The safety and scientific validity of this study is the responsibility of the study sponsor and investigators. Listing a study does not mean it has been evaluated by the U.S. Federal Government. Read our disclaimer for details. Identifier: NCT01590706
Recruitment Status : Completed
First Posted : May 3, 2012
Last Update Posted : April 2, 2014
Daejeon University
Information provided by (Responsible Party):
Dal-Seok Oh, OMD, PhD, Korea Institute of Oriental Medicine

Brief Summary:
  • Although aging process appears to be generally characterized, investigators have been paid much attention to the specific target molecules, which leads to discover the clinical markers of the senescence. The present study is to investigate the clinical and biological profile of cognitive decline and functional cardiac senescence in healthy middle aged and elderly Korean volunteers.
  • This study was conducted as a cross-sectional, single-center, comparative clinical study.

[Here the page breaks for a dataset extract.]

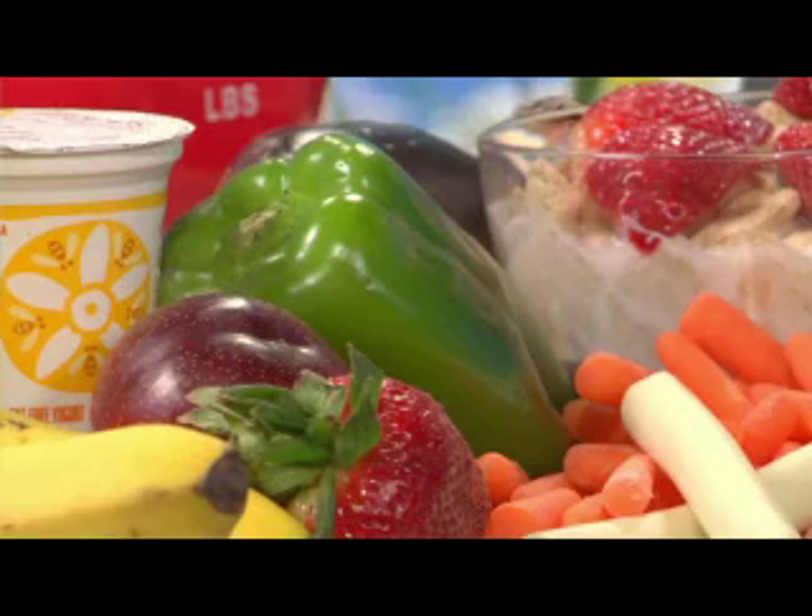If you opt for an overly restrictive diet or an exercise regimen that you can't commit to, you may soon give up your efforts. Prioritize the changes you want to make and tackle the easier ones first.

  • Each volunteer was given informed consent for checking cognition and cardiac function. Blood and urine samples were collected to analyze genome, proteome, and metabolome to assess cognition and cardiac function of its muscle enzymes.

Condition or disease
Aging Mild Cognitive Impairment Angina Pectoris

Detailed Description:
  • The protocol of this study was developed as the first assessment of the three to four series of clinical research on senescence.
  • This design of the study is a non-interventional, single-center, single-visit design for investigating the cognitive decline and cardiac function including heart muscle enzyme activity, which have been considered one of the key points in aging process.

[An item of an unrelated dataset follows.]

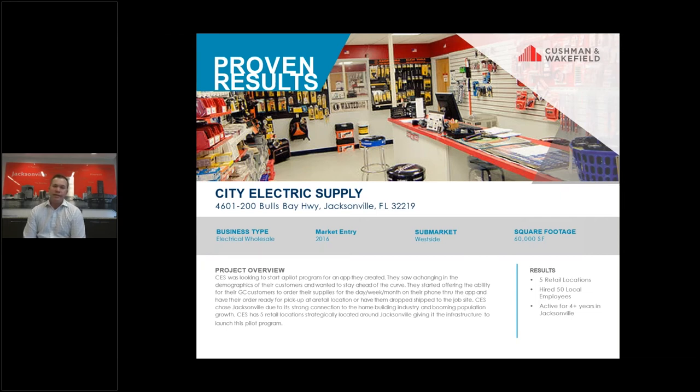City Electric Supply is an electrical wholesaler. They cater to the residential and commercial construction industry.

  • Volunteers visit the study site during the screening period, informed consent for study participation and blood draw are given respectively, then, the eligibilities are met, participants visit the study site just once within two weeks.
  • The participants undergo the following five procedures for 2-3 hours; out-patient visit,

    1. additional demographic interview including covariate factors (depression status, marital status
    2. vital sign check
    3. the questionnaire for cognitive function
    4. blood draw for genomic, proteomic, and metabolomic analyses (10 milli Liter), urine collection (20 milli Liter)

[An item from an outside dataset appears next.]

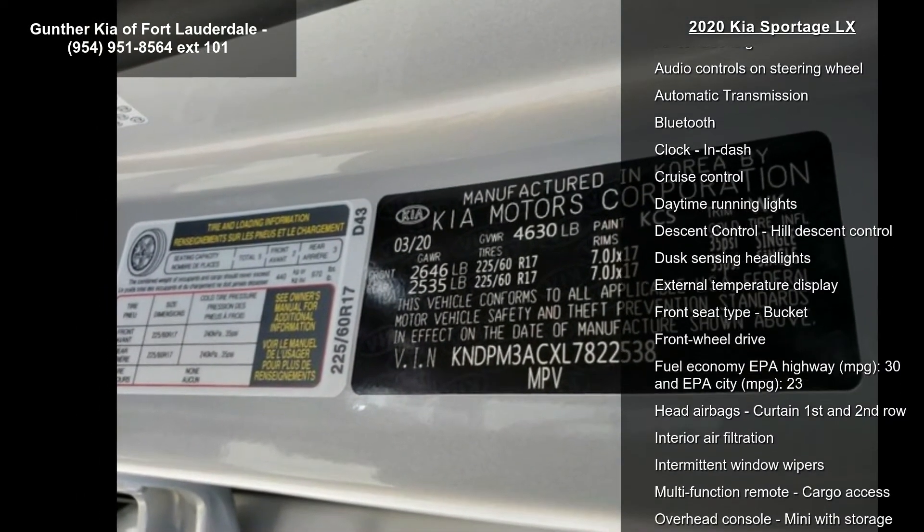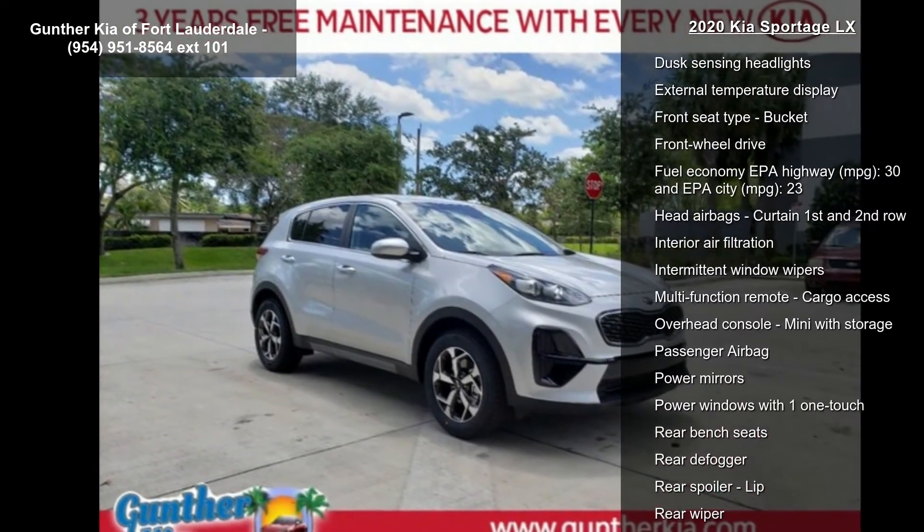Let us put you in the driver's seat today. Call or click to schedule a test drive.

    5. electrocardiogram (ECG), then they are discharged.
  • Their safety follow-up is monitored in a week (± 1 day) by a phone-call from the study associates.
  • To evaluate cognitive function, several cognitive batteries were used, 3MSE (Modified-Mini Mental State Examination), ADAS-cog (Alzheimer's Disease Assessment Scale-cognitive subscale); for cognitive biomarkers, Apolipoprotein E, Type-3 metabotropic glutamate receptors.
  • To evaluate cardiac function including its enzyme activity: HRV (heart rate variability), CRP (c-reactive protein); Cardiac Troponin T.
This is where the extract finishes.